Can you recount a strange experience too often?

Airbourne dustWhen I recount a strange experiences in this blog it is always a fresh memory so I'm pretty confident that it is about as accurate as my memory will allow. Indeed, the first thing I tend to do after having an anomalous experience is write it down. It turns out that this is probably the best way to get an accurate record of an experience. Sadly, many witnesses do not do this. Instead, they may tell many other people about their odd experience before contacting a paranormal investigator. And that is not good for accurate recall of an event.

Scientific research has shown that human memory works in an unexpected way. Every time you recall a memory it is stored all over again - a process called reconsolidation. The problem with this is that during reconsolidation a memory can be modified or even erased. So every time a witness recalls a strange experience they may reconsolidate it slightly differently. This means that if they recount their experience many times, it could be altered quite significantly from the original memory. However, the witness will not be aware of this. To them, their current memory is the same one they formed when they first experienced the strange event. It probably explains why, when you visit somewhere you haven't been for a while, it often looks different. It's not just because the place has actually changed, which might be true. The chances are, so has your memory of the location. I had this experience recently when I barely recognized a town I used to live in!

So, if paranormal researchers are interviewing witnesses they need to get some idea of how many times the account they are recording has been retold. A witness might, for instance, have seen a UFO a month ago but never mentioned it to anyone until talking to a ufologist. But they may have seen the UFO just a day ago but have talked about it with dozens of people. The former account might actually be more accurate than the latter one, despite the bigger lapse of time since the event.

The problem is that when people have strange experiences it is natural that they want to talk about them. The 'best' witness would record everything they could in writing and then contact a paranormal researcher straight away. Sadly that seldom, if ever, happens! And, with the advent of online social media, the problem of memories changing is probably getting worse!
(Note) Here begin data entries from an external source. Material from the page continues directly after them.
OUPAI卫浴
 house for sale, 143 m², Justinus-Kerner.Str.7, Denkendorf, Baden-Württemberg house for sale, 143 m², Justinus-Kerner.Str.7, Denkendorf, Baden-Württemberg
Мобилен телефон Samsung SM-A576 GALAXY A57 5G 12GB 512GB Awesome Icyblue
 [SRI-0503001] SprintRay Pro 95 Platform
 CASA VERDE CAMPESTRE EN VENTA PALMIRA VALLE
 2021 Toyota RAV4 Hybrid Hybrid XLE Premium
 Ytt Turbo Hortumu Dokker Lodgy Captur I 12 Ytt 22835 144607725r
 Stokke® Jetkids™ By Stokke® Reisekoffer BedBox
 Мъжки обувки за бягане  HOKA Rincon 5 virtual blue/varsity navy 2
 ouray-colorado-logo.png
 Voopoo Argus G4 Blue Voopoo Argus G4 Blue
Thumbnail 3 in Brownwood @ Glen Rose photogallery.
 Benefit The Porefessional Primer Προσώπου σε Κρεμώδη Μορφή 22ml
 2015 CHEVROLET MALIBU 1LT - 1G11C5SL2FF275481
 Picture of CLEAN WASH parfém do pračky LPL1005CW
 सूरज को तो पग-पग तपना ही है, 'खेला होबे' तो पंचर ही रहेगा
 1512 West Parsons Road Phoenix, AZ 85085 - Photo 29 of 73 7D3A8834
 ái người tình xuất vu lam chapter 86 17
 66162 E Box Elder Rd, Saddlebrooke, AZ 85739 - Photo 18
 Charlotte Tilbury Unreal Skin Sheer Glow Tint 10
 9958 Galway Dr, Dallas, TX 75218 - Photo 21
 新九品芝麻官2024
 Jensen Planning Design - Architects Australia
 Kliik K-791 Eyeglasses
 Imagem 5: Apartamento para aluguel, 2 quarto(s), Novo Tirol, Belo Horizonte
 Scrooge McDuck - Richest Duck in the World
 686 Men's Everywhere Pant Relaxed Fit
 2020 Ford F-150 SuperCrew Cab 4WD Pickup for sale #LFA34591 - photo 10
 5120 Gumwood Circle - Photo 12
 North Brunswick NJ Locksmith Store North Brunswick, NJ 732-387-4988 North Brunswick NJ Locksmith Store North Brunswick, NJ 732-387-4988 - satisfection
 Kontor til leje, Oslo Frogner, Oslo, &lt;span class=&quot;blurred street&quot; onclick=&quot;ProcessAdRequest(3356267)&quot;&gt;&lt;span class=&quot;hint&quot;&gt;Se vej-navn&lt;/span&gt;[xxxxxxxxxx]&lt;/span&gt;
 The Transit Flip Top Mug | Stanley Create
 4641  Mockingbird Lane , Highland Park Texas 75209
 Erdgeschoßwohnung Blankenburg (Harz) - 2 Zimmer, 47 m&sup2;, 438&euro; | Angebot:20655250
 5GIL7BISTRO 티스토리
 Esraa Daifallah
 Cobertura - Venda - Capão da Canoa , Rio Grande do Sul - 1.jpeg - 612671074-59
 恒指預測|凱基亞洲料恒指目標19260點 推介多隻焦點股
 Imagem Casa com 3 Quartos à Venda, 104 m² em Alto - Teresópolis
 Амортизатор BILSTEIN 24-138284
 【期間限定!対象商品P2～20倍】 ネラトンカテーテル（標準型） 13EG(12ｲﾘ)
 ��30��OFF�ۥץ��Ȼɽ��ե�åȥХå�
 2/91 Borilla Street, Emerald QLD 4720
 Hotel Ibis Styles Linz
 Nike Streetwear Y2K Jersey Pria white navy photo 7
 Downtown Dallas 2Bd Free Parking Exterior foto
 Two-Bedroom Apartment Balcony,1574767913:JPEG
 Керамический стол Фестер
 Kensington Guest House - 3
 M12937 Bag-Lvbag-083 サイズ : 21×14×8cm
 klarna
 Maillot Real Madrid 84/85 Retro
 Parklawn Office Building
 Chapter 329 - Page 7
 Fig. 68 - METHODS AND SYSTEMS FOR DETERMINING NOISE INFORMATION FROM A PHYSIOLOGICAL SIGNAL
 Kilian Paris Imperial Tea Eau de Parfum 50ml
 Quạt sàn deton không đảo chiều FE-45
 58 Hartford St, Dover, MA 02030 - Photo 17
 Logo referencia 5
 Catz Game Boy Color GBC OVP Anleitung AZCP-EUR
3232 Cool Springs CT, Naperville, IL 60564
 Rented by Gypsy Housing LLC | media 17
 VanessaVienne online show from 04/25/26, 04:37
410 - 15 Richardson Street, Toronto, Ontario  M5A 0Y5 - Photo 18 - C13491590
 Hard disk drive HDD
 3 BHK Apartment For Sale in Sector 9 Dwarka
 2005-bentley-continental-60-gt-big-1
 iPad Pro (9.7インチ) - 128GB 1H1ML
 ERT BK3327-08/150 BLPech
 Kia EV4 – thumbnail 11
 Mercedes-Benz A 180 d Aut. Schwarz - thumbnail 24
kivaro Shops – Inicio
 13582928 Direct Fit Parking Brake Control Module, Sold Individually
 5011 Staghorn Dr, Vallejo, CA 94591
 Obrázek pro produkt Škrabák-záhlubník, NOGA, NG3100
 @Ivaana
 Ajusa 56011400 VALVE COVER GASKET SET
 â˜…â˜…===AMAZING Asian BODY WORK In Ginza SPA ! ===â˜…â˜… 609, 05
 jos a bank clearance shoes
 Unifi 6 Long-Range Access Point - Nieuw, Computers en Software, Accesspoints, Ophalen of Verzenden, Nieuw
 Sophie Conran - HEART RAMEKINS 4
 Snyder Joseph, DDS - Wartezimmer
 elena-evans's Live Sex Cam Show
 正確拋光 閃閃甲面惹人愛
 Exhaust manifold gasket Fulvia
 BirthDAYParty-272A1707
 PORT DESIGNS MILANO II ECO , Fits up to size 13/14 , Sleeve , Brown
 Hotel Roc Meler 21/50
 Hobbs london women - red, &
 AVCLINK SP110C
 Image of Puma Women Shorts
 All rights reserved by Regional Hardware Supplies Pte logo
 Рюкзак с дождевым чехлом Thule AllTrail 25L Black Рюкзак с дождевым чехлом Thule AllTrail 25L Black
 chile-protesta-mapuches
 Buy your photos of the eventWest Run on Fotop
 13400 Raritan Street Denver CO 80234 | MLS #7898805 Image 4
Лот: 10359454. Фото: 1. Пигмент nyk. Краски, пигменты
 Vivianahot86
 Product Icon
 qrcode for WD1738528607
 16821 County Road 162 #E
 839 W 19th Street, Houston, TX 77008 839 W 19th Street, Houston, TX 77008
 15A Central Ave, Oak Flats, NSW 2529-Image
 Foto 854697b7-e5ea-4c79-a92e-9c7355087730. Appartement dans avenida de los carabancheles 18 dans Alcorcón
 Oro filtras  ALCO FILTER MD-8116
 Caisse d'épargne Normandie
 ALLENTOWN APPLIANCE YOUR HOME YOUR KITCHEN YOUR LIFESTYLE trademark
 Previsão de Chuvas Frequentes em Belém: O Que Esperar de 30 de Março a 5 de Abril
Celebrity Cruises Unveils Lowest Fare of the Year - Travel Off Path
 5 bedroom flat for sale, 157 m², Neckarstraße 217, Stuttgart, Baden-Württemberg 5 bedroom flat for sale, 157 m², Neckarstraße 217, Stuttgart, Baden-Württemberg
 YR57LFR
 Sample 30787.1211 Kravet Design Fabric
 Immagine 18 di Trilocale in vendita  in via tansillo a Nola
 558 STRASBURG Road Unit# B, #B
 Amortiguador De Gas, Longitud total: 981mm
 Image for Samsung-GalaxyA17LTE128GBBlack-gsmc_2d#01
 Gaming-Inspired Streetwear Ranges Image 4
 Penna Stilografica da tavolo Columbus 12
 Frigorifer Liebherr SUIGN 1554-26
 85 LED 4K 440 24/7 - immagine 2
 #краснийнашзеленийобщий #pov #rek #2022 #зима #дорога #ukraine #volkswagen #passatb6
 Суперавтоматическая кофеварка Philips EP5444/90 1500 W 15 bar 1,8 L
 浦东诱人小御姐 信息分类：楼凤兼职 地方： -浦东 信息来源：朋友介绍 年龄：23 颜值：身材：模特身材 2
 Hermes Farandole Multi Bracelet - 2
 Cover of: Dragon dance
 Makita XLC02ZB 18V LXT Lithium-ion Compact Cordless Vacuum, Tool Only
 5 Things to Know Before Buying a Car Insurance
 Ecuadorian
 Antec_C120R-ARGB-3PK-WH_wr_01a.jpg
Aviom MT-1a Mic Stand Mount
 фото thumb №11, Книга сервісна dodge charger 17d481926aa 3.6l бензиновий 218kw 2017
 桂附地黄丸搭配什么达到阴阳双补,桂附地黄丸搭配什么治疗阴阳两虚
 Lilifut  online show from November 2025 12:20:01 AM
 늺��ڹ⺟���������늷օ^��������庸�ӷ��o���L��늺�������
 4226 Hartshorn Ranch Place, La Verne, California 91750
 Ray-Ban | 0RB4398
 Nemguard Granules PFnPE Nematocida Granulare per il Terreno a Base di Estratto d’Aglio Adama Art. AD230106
I wonder if the best advice for witnesses might be not to think about their experiences too much!

In other news, my acquaintance (MA) who gets microsleep with REM (MWR) has been hearing extracts from original musical compositions again. If only MA was a musician this could be a really useful ability (see here for an earlier account). And the photo (above right)? It is bits of airborne dust illuminated by a strong light. They are in focus and appear as light trails because they are moving - the exposure time was quite slow at 1/5s. So when I come across a similar odd photo in future, I'll know what to suspect!

1 comment:

  1. There are lots of studies about witness memory and contamination. The ability to recall something witnessed also depends on perception and attention. We also process events differently, so two people experiencing the same event will perceive what has happened slightly differently. It takes us time to process what has happened. Courts no longer rely on witness perception alone and are alive to the effects of overwriting on the memory and contamination. They seek corroboration because of the fallibility of human memory. In this digital age with phone cameras, dash cams and CCTV, we should always look for evidence to support what we have seen.